2016 habe noch kein Mensch über diese Kälber gesprochen, sagt Beate Reisacher. Jetzt haben rund 100 Bauern schon sieben Initiativen gegründet. Gehe man von 30 Kühen pro Landwirt aus, würden 3000 Kälber im Allgäu versorgt. Dazu hunderte von Tieren über das Programm „Allgäuer Hornochse“. Das seien zwar kleine, aber bedeutende Fortschritte.
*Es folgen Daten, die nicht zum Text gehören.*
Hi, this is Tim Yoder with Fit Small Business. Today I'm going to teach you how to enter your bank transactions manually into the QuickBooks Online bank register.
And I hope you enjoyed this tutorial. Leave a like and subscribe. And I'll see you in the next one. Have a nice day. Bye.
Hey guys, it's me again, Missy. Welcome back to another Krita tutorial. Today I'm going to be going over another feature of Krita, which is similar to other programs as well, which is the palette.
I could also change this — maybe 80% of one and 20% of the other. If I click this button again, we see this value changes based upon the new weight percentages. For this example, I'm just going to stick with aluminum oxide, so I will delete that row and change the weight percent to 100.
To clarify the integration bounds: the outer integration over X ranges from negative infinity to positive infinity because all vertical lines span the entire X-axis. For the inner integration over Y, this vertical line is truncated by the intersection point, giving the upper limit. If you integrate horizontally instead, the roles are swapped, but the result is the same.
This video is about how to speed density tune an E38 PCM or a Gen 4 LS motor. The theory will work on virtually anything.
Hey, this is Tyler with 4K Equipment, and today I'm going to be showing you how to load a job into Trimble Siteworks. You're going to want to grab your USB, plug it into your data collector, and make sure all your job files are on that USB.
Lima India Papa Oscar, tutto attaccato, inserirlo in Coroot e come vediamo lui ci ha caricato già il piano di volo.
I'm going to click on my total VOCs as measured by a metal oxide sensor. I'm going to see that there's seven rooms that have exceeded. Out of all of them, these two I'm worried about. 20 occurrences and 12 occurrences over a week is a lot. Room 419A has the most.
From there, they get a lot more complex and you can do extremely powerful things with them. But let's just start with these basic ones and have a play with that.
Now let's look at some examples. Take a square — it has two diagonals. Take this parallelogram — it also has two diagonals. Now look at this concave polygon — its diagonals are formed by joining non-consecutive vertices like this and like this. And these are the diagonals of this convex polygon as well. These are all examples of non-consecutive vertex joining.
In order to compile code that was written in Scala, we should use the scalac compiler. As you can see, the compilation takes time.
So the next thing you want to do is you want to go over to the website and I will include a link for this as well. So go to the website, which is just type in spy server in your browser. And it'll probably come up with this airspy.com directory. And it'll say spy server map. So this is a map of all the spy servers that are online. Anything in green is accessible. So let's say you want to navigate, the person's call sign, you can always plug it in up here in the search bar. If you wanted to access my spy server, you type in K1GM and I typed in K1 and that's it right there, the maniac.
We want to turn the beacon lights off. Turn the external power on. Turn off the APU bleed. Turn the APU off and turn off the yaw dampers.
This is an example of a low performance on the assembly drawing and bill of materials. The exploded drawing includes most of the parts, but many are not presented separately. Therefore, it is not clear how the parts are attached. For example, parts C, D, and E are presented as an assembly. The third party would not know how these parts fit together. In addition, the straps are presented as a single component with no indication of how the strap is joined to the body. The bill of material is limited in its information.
Öffentlichkeitsarbeit ist wichtig
Extrem wichtig sei hier die Öffentlichkeitsarbeit. „Wir müssen den Verbraucher mit ins Boot holen, in dem wir viel über das Thema sprechen. Wir brauchen eine regionale Weidemast, um hochwertiges, regionales Fleisch produzieren zu können. Die Vernetzung ist wichtig und ebenso die Bewusstseinsbildung beim Verbraucher.“
Sebastian Uhlemair, der an der Onlinepräsentation teilnahm, bewirtschaftet bei Rettenberg einen Ochsen- und Färsenweidemastbetrieb im Nebenerwerb. Er war einer der ersten Landwirte, die bei dem Projekt der Ökomodellregion aktiv waren. Früher hatte er einen Milchviehbetrieb mit etwa 20 Milchkühen, den er 1998 auf Bio- und Heumilchbetrieb umgestellt hat. 2009 ist er aus der Milchwirtschaft ausgestiegen, „weil ich da für mich nicht so die Entwicklungschancen gesehen habe“. Er hatte aber noch eigene Kälber und Jungviehaufzucht.
Christof Eisele, Koch und Sommelier vom Naturkosthandel „Pur Natur“ in Kempten, betonte bei der Online-Präsentation: „Unser Interesse ist die Vermarktung der biologischen Produkte von kleinbäuerlichen Betrieben.“ Er sei schon 2018 über das Programm „Allgoiß“ zur Ökomodellregion gekommen, bei dem es um die Vermarktung von regionalem Ziegenfleisch gehe. Das Projekt sei ein voller Erfolg gewesen – auf wirtschaftlicher und werteorientierter Basis. Eisele monierte, dass in unserer Wohlstandsgesellschaft nur noch 30 bis 40 % des Lebendgewichtes eines Schlachttiers beim Konsumenten ankämen und der Rest als Hundefutter verarbeitet würde.
Das ganze Tier vermarkten
Ulrich Mück von Demeter Bayern forderte, Rinderzunge oder Lüngerl wieder als regionale Spezialität zu beleben. Es gelte das ganze Tier zu vermarkten, „from nose to tail“. Der Wert des Grünlands sei zudem völlig aus dem Blick geraten. Erst jetzt, im Zuge der Diskussion um den Klimaschutz komme das Grünland wieder ganz stark in das Bewusstsein, zumindest bei den Forschern.